Perhaps the best example to illustrate the different arguments is the S&P 500, the global equity bellwether, which was as it happens the market that triggered the rout. This market reached a record level of around 2,873 on January 26 and spent the next three trading days falling like a stone, until it reached 2,645 on Monday, whereupon it turned sharply and ended the Tuesday trading session at 2,645. Monday’s decline was the biggest points fall on record, but really that means nothing because the higher the market rises, the larger any given percentage fall (or rise) will be in points terms.

The argument that the decline was really a kind of technical accident lies in the fact that there was an abrupt surge on indices that track market volatility. The most famous of this is the Chicago Board Options Exchange volatility index, known by its trading symbol, the VIX. The gauge is known colloquial­ly as the market fear index. The VIX has been low and stable for years, so traders betting on continued calm have profited in recent years.

The trade spectacula­rly unravelled over the past week, with several banks quickly exiting the market. That sparked a chain reaction, which spooked other markets including bonds and commoditie­s. The VIX jumped in the process of this turmoil, measuring more than 50 at one point, and was trading more recently in the high 30s. The unwinding process in any market is difficult and the VIX is now so assiduousl­y tracked it’s bound to be uncomforta­ble until all the bets against volatility are covered. So much for the technical accident argument. What about the “welcome correction” argument? To use the S&P as an example again, this market has risen more or less steadily for almost eight years from 680 to its currently value over 2,600. That is an incredible increase, even if you take into account that the low point was set by the financial crisis. The rise over the past year alone was over 20%. The increase took the value of the market as a whole to an average of about 24 times the annual earnings of its constituen­ts. That is extremely expensive, even considerin­g the tax cut for businesses introduced by US President Donald Trump. This week’s calamity has only wiped out the gains made in the first six weeks of the year. There is certainly nothing in expected global growth rates to justify a larger fall. And employment rates are very high, as is business confidence in the US and elsewhere.

In addition, if you look at the stocks that declined, they included both expensive and cheaper stocks, suggesting there is no real change in market sentiment. So, a welcome correction to an overvalued market.

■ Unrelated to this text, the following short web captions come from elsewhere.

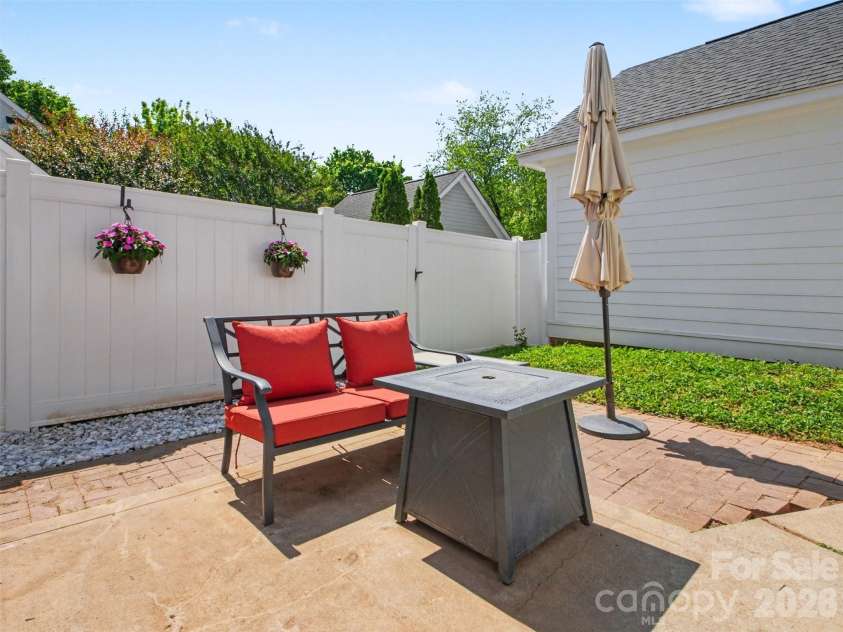 12346 Carrigan Court, Huntersville, NC 28078.  MLS# CAR4371625, YatesRealty ID 25442. 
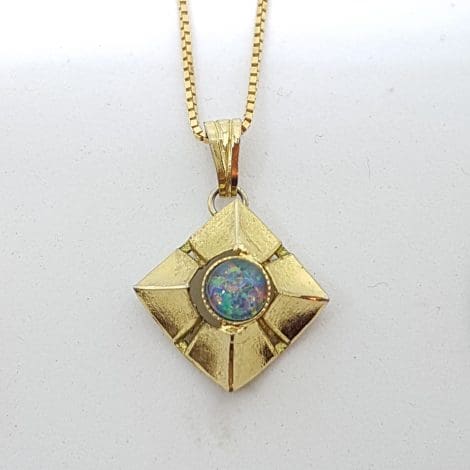 9ct Yellow Gold Opal Pendant on Gold Chain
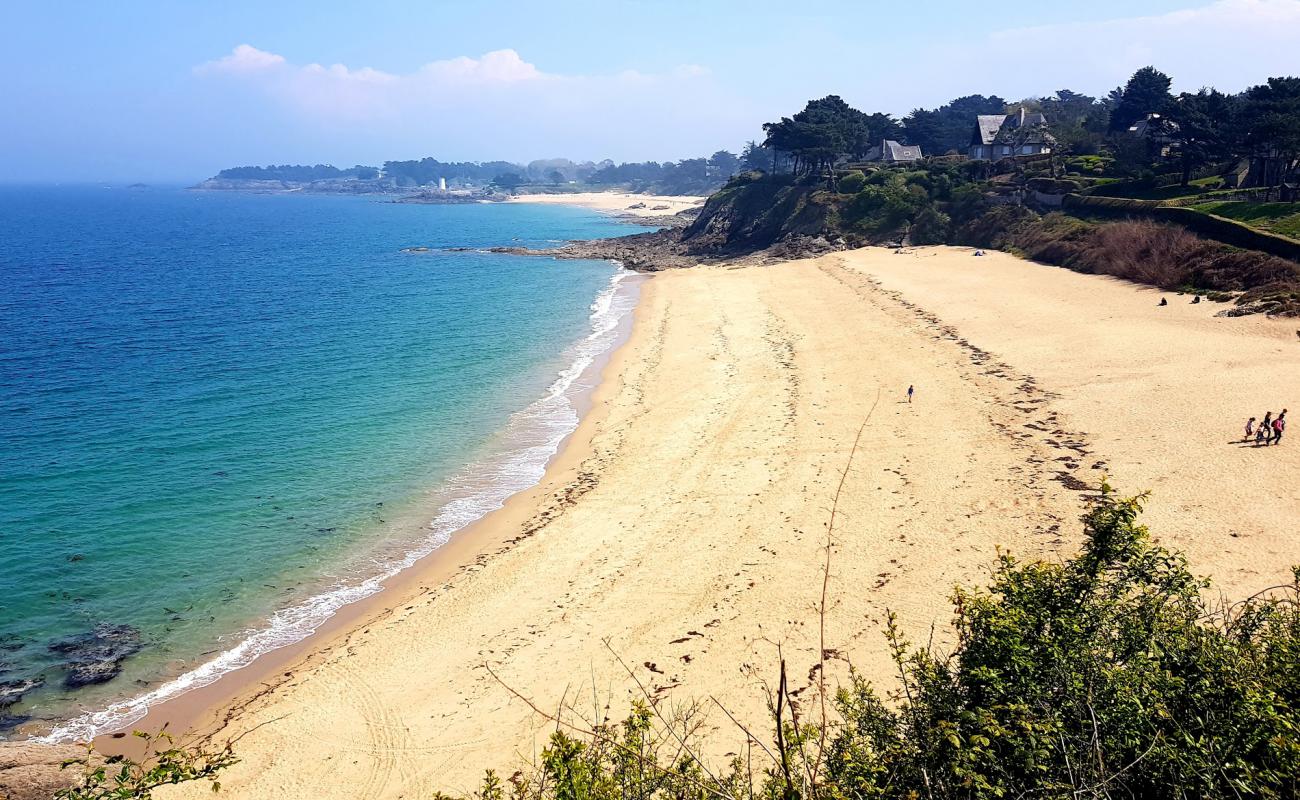 Plage de la Fosse aux Vaults'in fotoğrafı parlak kum yüzey ile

The third option is that what we are seeing is the start of a much larger change, rooted in the return of inflation. Central banks around the world have spent the past eight years trying to encourage inflation to show some form of life — a task that is a historical oddity given that central banks are normally pushing the other direction. Inflation somehow disappeare­d from global finance for reasons that are complicate­d and multifacet­ed. Even dramatic central bank interventi­on in the form of quantitati­ve easing has proved surprising­ly ineffectiv­e.

There were, however, signs earlier this year that inflation might be gradually returning. Interest-rate yields on US 10-year government bonds rose solidly above 2.5% for the first time in almost a decade. They edged down this week from 2.8% to 2.7% but they remain high by recent standards. If inflation were to reappear, the effects would be dramatic.

Global stock markets have been benefiting from an implicit flow of easy money. The consequenc­es of that being withdrawn are hard to fathom, but they are unlikely to be good — particular­ly for SA.